Further characterisation of the T-DNA mutants for in vitro growth and stress defects

Further phenotyping of the T-DNA mutant isolates in vitro was carried out using different fungal stressors, imparting osmotic, oxidative and cell wall stress, and for hyphal growth induction on tap water agar (TWA). For stress sensitivity testing, each isolate was tested a minimum of three times against each stress, and final images of fungal growth spotting plates were taken after five days.

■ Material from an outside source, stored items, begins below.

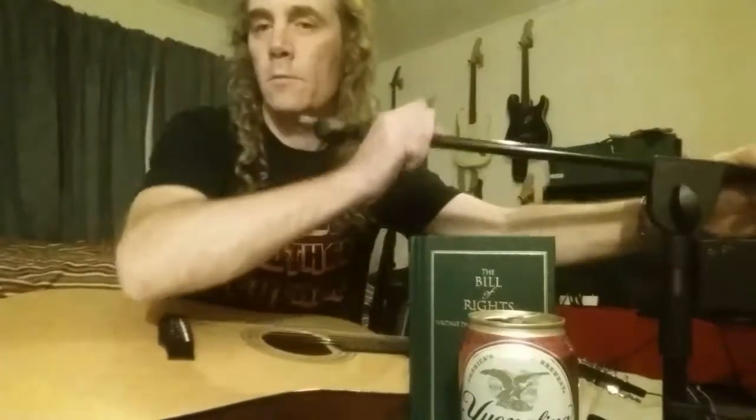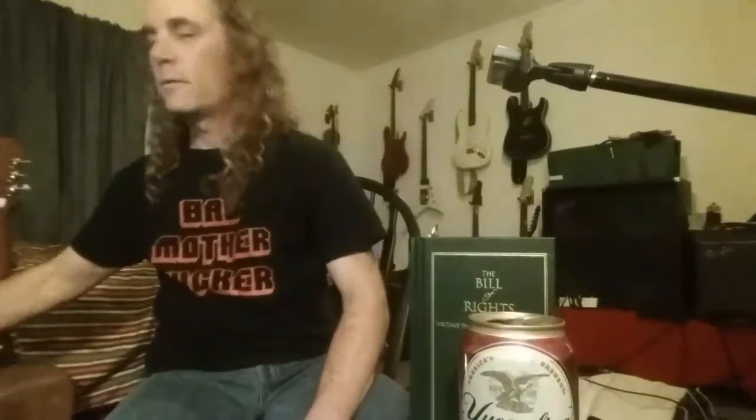Doesn't affect the reeds — doesn't seem to. But of course, as you can hear, I'm not an accomplished harmonicist, if that's even the proper term. Harpsist? I don't know. Doesn't matter. Does it? Peace.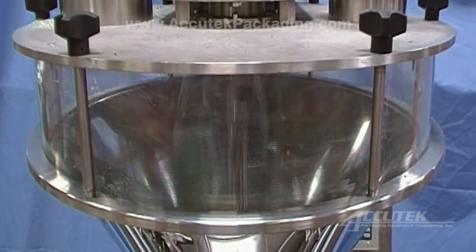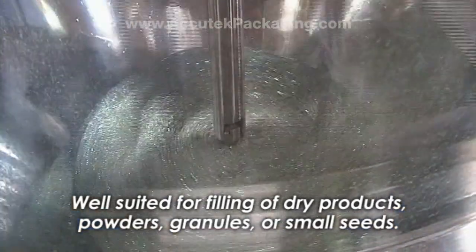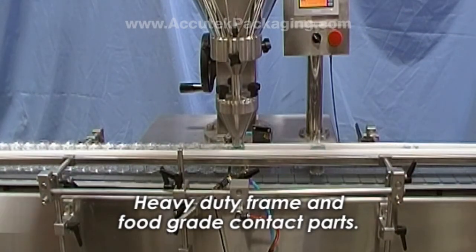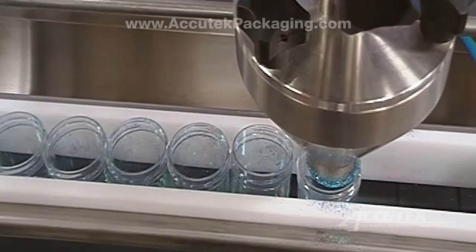Acutec's AF1 Series Auger Fillers are well suited for the filling of dry products, powders, granules, or small seeds. AF-Series Auger Fillers, built with heavy-duty stainless steel frames and food-grade contact parts, are available in both semi-automatic and fully automatic configurations.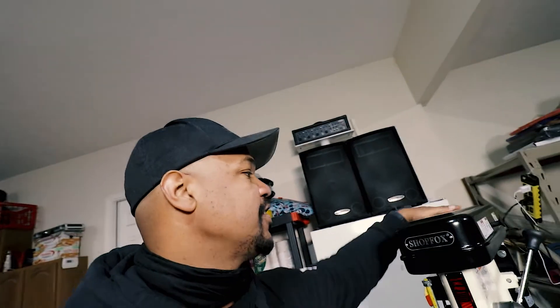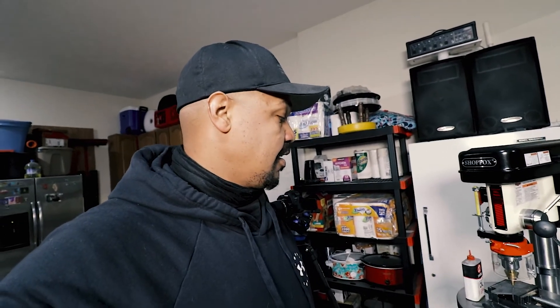We have got this thing done, put together. One thing I saw from every review was that everybody said it was dented when they got it. Not mine — lucked out there. I think it's all good, so we're going to put it to the test.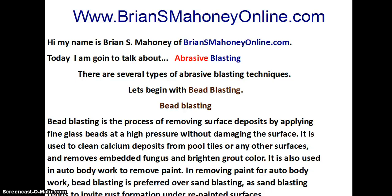In removing paint for auto body work, bead blasting is preferred over sandblasting, as sandblasting tends to invite rust formation under repainted surfaces.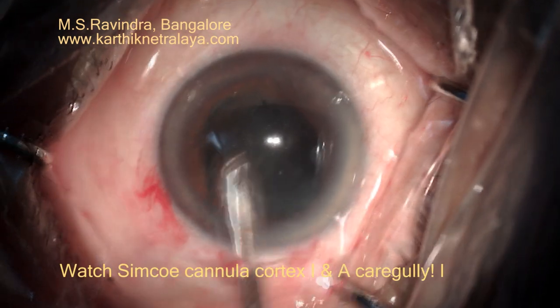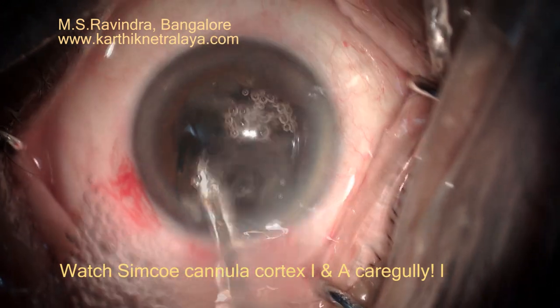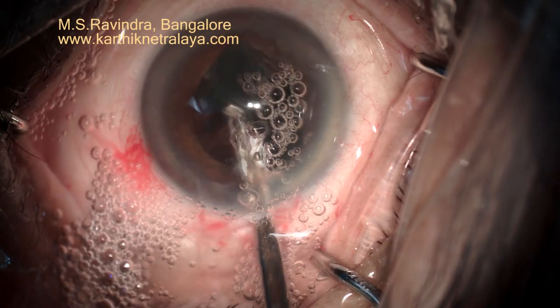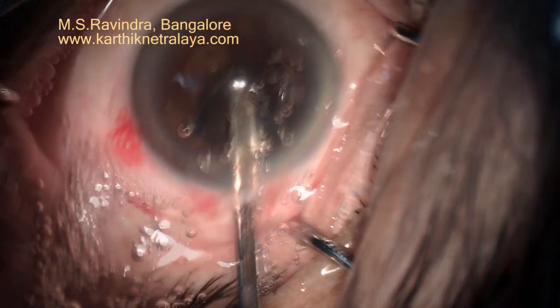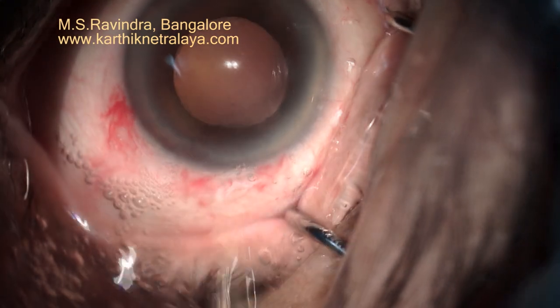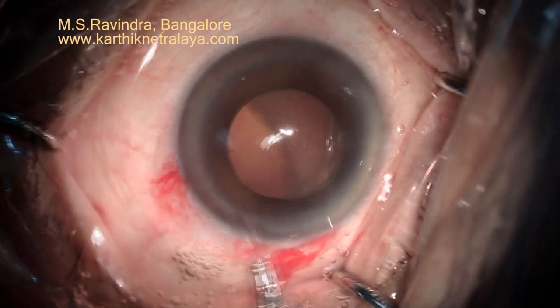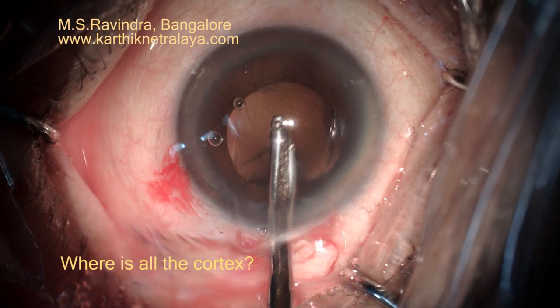Cortex is aspirated gently with the Simcoe cannula. Suddenly, the entire material comes out and I was surprised to see a very clear view without any cortex being present. I suspected that the capsular bag might have come out.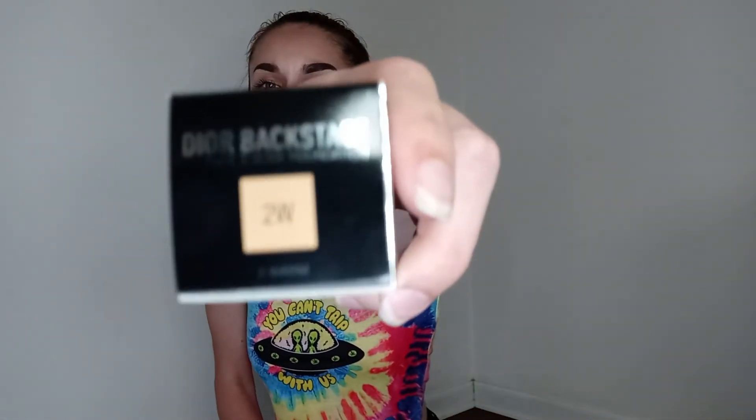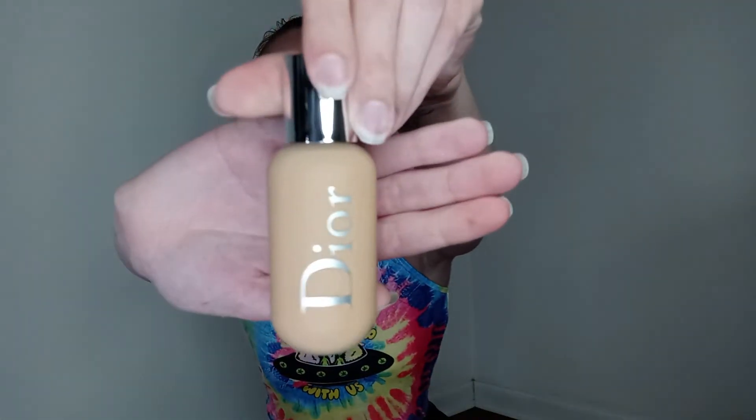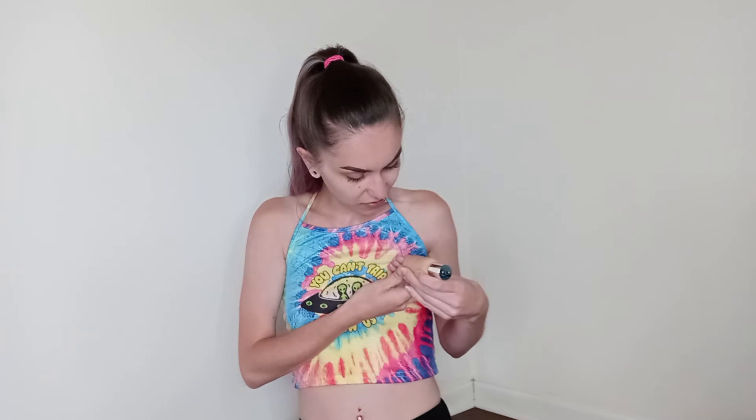The color looks kind of dark, but that could just be the packaging. It comes in a really cute bottle. The texture is kind of smooth but not really soft. It says shake well and you can use it on your face and your body.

The typical results of these assays are shown in Figure 1B. Isolates 4-124 and 4-158 displayed hypersensitivity to both osmotic and oxidative stress, whilst 15-120, 5-51 and 9-70 appeared to tolerate all the fungal growth stress conditions tested.

To assess the ability of the five isolates to switch to hyphal growth each was also spotted onto TWA, with an IPO323 spot used as the WT control comparison (Figure 1C). Two of the five mutant isolates (5-51 and 9-70) in the hyphal growth assays showed a typical WT hyphal growth phenotype. In contrast, mutant isolate 15-120 displayed the most drastic reduced hyphal growth, compared to the other mutant isolates, with only a few short branches very close to the spot edge. A reduction was also seen for isolates 4-124 and 4-158, exhibiting a similar short, hyperbranched hyphal growth phenotype. This reduction paralleled a similar reduction in virulence and was also associated with hypersensitivity to oxidative and osmotic stress in both strains, suggesting potential functional links between these phenotypes.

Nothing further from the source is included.